*Exercise data*.
[Start of section]

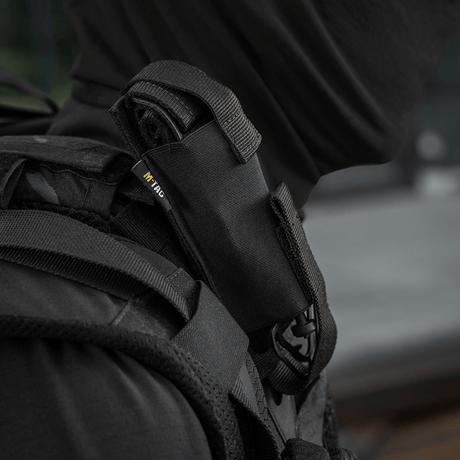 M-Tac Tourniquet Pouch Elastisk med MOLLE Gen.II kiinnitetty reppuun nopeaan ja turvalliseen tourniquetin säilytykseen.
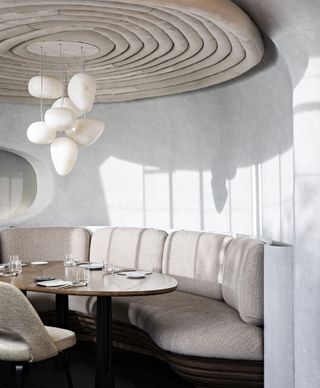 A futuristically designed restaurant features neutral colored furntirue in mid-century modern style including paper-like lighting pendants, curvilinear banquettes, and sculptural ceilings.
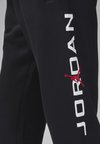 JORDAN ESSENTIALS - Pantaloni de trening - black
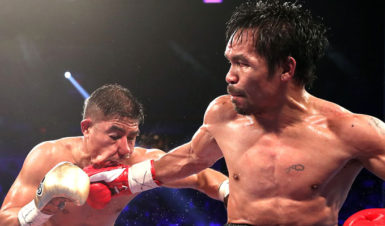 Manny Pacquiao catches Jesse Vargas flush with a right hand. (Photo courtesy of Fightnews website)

[End of section]
[Start of section]

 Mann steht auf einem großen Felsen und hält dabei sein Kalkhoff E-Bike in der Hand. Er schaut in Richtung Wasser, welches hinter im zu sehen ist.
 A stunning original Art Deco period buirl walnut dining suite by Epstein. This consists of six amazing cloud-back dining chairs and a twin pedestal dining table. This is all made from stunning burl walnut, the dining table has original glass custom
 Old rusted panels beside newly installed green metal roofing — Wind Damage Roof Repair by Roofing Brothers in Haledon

[End of section]

*Work instructions*. Using the entries above, transcribe every line from the line containing "M-Tac Tourniquet Pouch" through the line containing "Manny Pacquiao catches". Do not copy pictures.

*Task response*.
 M-Tac Tourniquet Pouch Elastisk med MOLLE Gen.II kiinnitetty reppuun nopeaan ja turvalliseen tourniquetin säilytykseen.
 A futuristically designed restaurant features neutral colored furntirue in mid-century modern style including paper-like lighting pendants, curvilinear banquettes, and sculptural ceilings.
 JORDAN ESSENTIALS - Pantaloni de trening - black
 Manny Pacquiao catches Jesse Vargas flush with a right hand. (Photo courtesy of Fightnews website)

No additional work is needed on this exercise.